According to the RBNZ's latest biannual Financial Stability Report (FSR), home loan borrowers are taking on debt at ever higher levels, leading to greater risks in the financial system.
The central bank said prices were "less sustainable than before", with people requiring larger deposits to get on the ladder.
The central bank deputy governor Geoff Bascand said the lending trends make recent borrowers more vulnerable to a rise in mortgage rates, and expose them to a decline in house prices.
His comments come as economists call a trough in the current interest rate cycle. Most commentators expect the next move in the OCR will be up, not down.
In the FSR, the Reserve Bank notes that interest rates could rise "if the economy continues to strengthen and inflationary pressure builds".
Bascand's comments about borrower vulnerability come as rumours swirl about the introduction of debt-to-income ratios and curbs on interest-only lending.
The comments indicate deepening concerns about debt to income levels in the soaring housing market, with first home buyers stretching to get on the ladder.
This takes place as the RBNZ reviews DTIs and the potential introduction of interest-only limits. Finance Minister Grant Robertson is said to be keen on more restrictions.
In its latest report, published this morning, the RBNZ said it expects investor lending to slow following the introduction of tighter LVR restrictions.
The Reserve Bank said the vulnerability of the overall home loan market was "low" when including older mortgages.

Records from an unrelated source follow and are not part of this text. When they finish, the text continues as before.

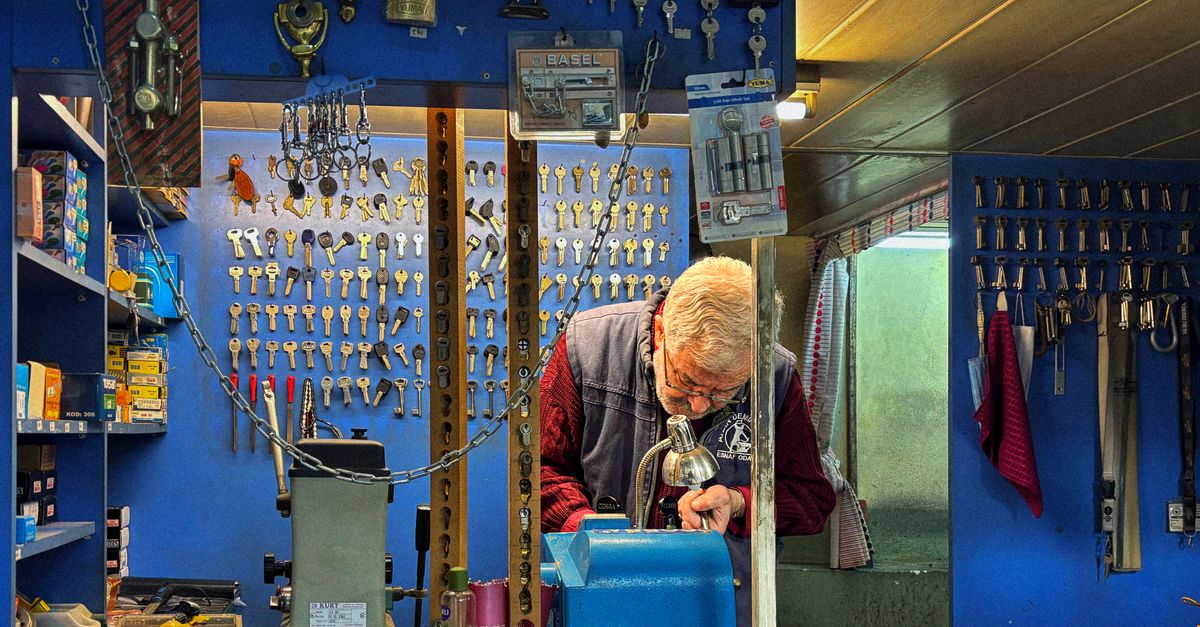 How to Find a Reputable Locksmith NYC — and What to Check Before You Open the Door — Riverside Drive Locksmith NYC Corp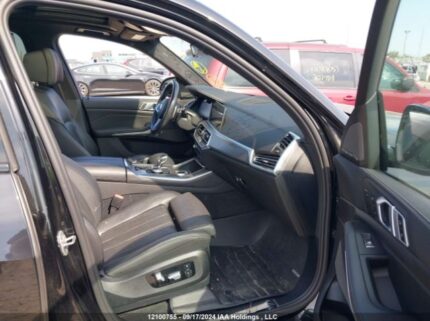 5UXJU4C07M9E78964 2021 BMW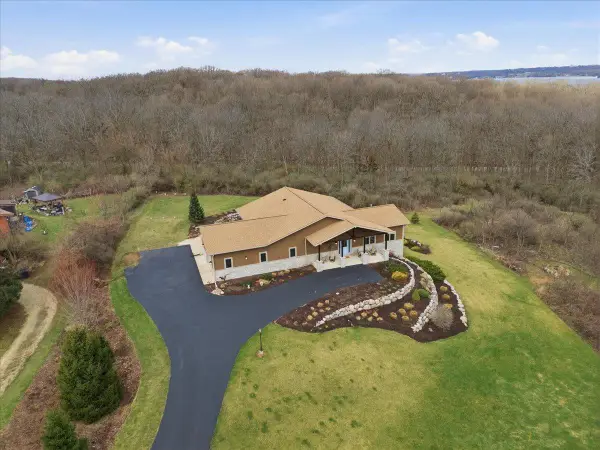 W4293 Meadow Court, Lake Geneva, WI 53147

In February, Grant Robertson instructed the RBNZ to take house prices into account when setting monetary policy.
Future lending changes
The Reserve Bank gave some insight into its thinking on future lending changes.
It said "additional policy options" were available, including measures to "dampen investor demand, which may improve affordability for first home buyers".
If tightened policy settings are required, the Reserve Bank said the "most straightforward approach" would be to tighten LVR rules further.
With regard to new tools, the central bank said "our assessment is that a debt serviceability tool would be the best option for supporting financial stability and sustainable house prices over the medium term".
It added: "Restrictions on interest-only lending would likely have less impact on overall lending conditions than alternatives, while being challenging to implement and enforce."